SUPPLIED MATERIAL =>
-*-*-

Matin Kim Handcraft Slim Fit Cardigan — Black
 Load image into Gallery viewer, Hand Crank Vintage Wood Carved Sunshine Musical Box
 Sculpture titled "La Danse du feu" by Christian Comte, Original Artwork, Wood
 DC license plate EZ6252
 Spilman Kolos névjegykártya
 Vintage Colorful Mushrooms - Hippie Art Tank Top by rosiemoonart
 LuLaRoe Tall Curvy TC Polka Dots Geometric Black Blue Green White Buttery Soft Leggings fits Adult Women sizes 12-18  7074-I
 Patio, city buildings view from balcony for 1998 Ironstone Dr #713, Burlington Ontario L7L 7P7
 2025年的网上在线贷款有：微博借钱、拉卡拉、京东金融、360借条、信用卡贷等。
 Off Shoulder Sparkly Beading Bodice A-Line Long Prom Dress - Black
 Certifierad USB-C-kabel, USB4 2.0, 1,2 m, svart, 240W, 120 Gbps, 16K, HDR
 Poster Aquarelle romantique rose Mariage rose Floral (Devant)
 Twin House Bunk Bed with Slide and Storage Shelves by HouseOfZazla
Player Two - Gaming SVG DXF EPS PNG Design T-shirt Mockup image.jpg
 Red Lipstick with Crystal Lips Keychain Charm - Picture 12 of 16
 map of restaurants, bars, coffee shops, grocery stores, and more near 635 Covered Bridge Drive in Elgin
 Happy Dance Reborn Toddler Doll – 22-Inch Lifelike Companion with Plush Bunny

-*-*-

Please copy the data in full, character for character.

EXERCISE OUTPUT =>
Matin Kim Handcraft Slim Fit Cardigan — Black
 Load image into Gallery viewer, Hand Crank Vintage Wood Carved Sunshine Musical Box
 Sculpture titled "La Danse du feu" by Christian Comte, Original Artwork, Wood
 DC license plate EZ6252
 Spilman Kolos névjegykártya
 Vintage Colorful Mushrooms - Hippie Art Tank Top by rosiemoonart
 LuLaRoe Tall Curvy TC Polka Dots Geometric Black Blue Green White Buttery Soft Leggings fits Adult Women sizes 12-18  7074-I
 Patio, city buildings view from balcony for 1998 Ironstone Dr #713, Burlington Ontario L7L 7P7
 2025年的网上在线贷款有：微博借钱、拉卡拉、京东金融、360借条、信用卡贷等。
 Off Shoulder Sparkly Beading Bodice A-Line Long Prom Dress - Black
 Certifierad USB-C-kabel, USB4 2.0, 1,2 m, svart, 240W, 120 Gbps, 16K, HDR
 Poster Aquarelle romantique rose Mariage rose Floral (Devant)
 Twin House Bunk Bed with Slide and Storage Shelves by HouseOfZazla
Player Two - Gaming SVG DXF EPS PNG Design T-shirt Mockup image.jpg
 Red Lipstick with Crystal Lips Keychain Charm - Picture 12 of 16
 map of restaurants, bars, coffee shops, grocery stores, and more near 635 Covered Bridge Drive in Elgin
 Happy Dance Reborn Toddler Doll – 22-Inch Lifelike Companion with Plush Bunny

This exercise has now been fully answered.